特集◆相模原事件から1年――私たちに突き付けられたものは?(4) ドキュメンタリー映画監督・森達也氏

想像力を働かす、それが他者を理解する鍵に

――被告は施設で働き、障害者と触れ合っていました

そうですね。被告は、学生時代から福祉ボランティアに熱心に取り組んでいて、卒業後も津久井やまゆり園の職員として働いていました。ですから、障害者に対する意識も、比較的高かったはずです。しかし、だからこそ、彼は犯行に至る「確信」を得たのではないかと考えています。事件前に大島理森衆議院議長(当時)に宛てた手紙には、重度重複障害者の日常や、保護者や施設スタッフの疲れを目の当たりにしたことが記されていました。事実はともかく、彼の目にはそう映っていて、「人々は、本音では障害者が邪魔で、いなくなればいいという意識があるのに、建前がそれを封じている」と決め付けたのです。そうした人々の本音を明らかにし、過酷な労働条件下にある福祉従事者や重度重複障害者の家族を苦しみから解放しなければならないとの身勝手な思い込みで、犯行に及んだのではないでしょうか。

拘置所の彼は、メディアとの手紙のやりとりの中で、事件の犠牲者となった重複障害の人々を「人の心を失った者(心失者)」と表現し、「最低限度の自立ができない人間を支援することは自然の法則に反する行為」と決め付けています。残念ながら、こうした彼の「確信」には、「想像力」が欠如していました。心のあるなしなど、他人には絶対に分かりませんし、確認するすべもありません。コミュニケーションが取れない人は、心がないのでしょうか。そもそも、心がない者は生きてはいけない存在なのでしょうか。これは、自らのゆがんだ価値観の押し付けです。

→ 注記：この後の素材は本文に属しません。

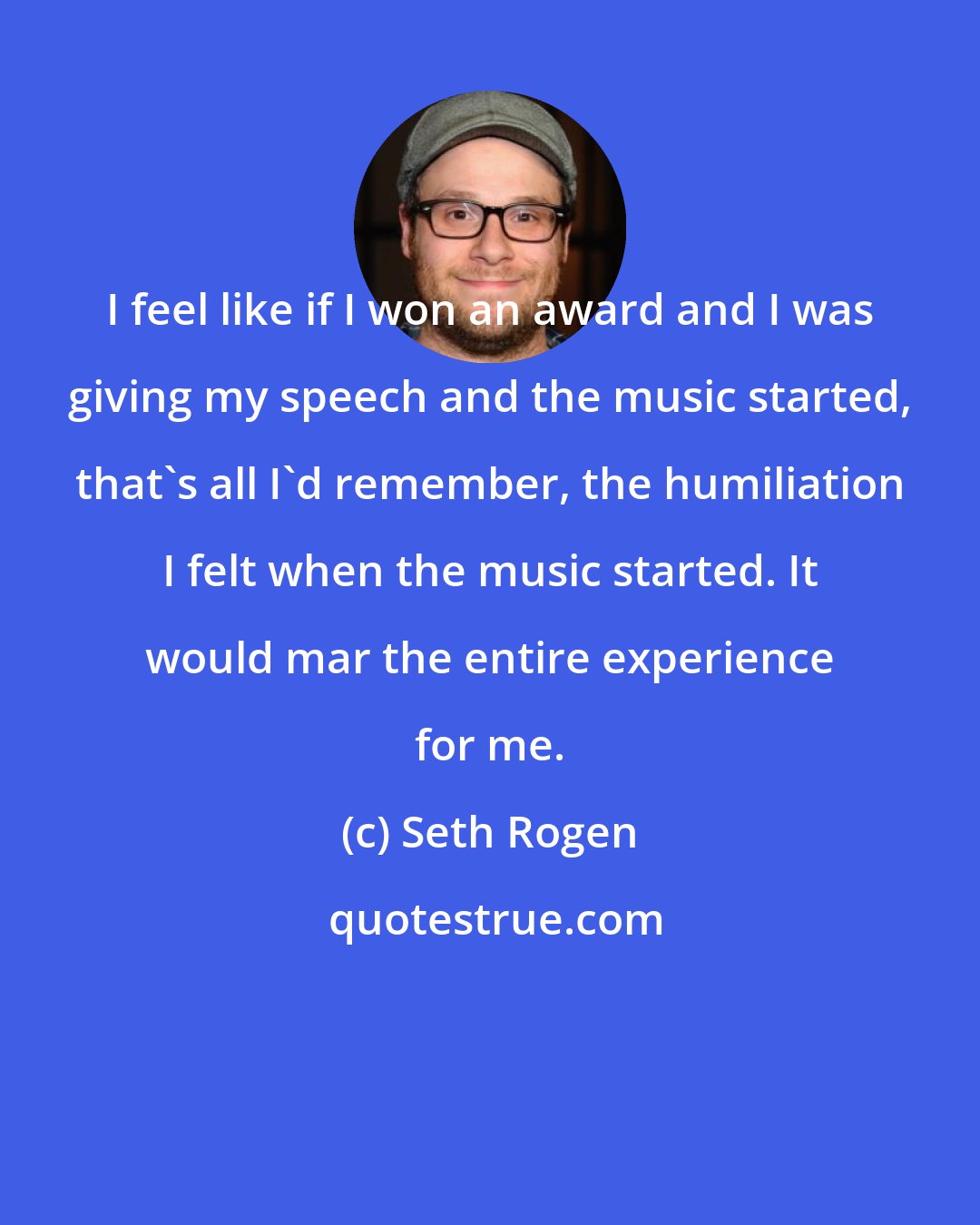 Seth Rogen: I feel like if I won an award and I was giving my speech and the music started, that's all I'd remember, the humiliation I felt when the music started. It would mar the entire experience for me.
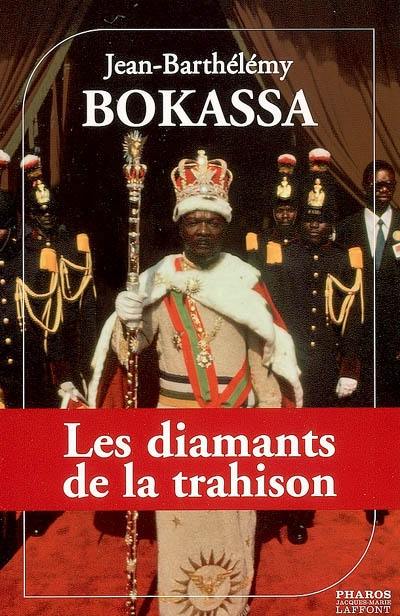 Les diamants de la trahison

あるテレビ番組の中で、重複障害者の母親が、「この子が存在しているだけで幸せ」とコメントしていました。この言葉は、肉親しか発することのできない言葉です。それでも、「そんなことを言ったって、無理して言っているのではないか?」と思ってしまう人がいるかもしれません。ここで私たちが考えなければならないのは、この母親のような受けとめ方をする人が実際にいる、という事実をしっかりと受容することです。これは、尊重すること、とも言えるでしょう。これが、理解に向けた第一歩なのだと思います。